_Your assignment_
Reproduce exactly, and only, the lines of the material below running from the line bearing "Cost of Tourism" through the line bearing "MESHBACK GRUND MATTE". Leave any pictures out.

_Provided data_
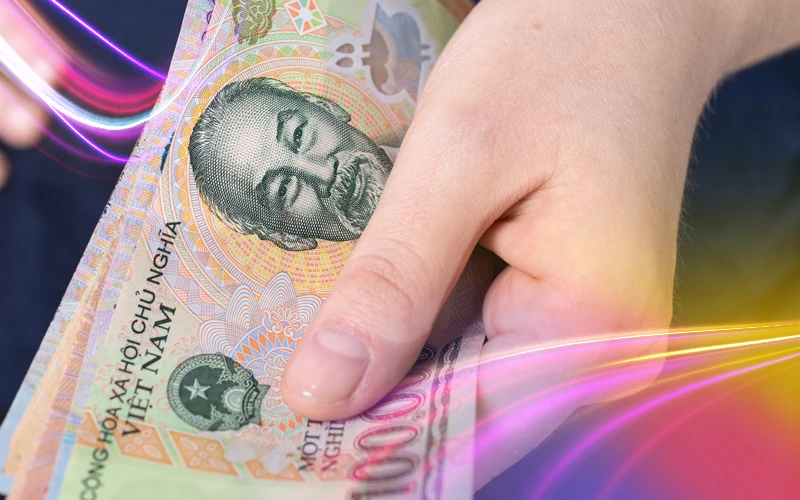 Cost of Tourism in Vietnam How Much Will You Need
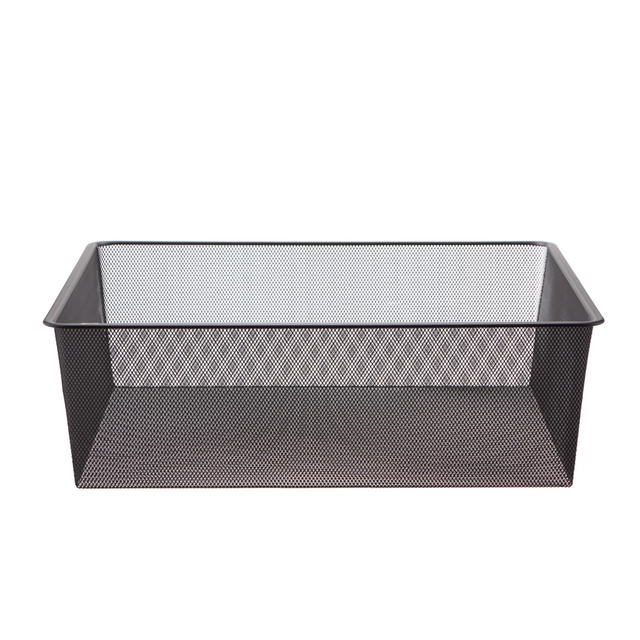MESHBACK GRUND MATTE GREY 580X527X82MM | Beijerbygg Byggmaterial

---

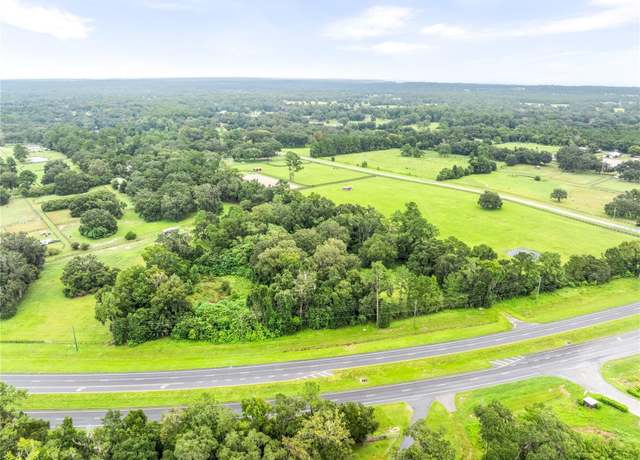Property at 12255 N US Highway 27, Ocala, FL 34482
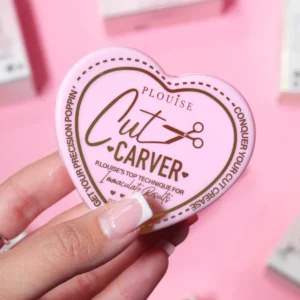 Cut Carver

--

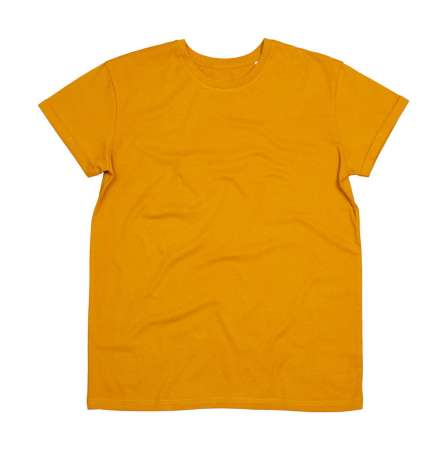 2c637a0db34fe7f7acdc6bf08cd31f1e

_Result below_
 Cost of Tourism in Vietnam How Much Will You Need
MESHBACK GRUND MATTE GREY 580X527X82MM | Beijerbygg Byggmaterial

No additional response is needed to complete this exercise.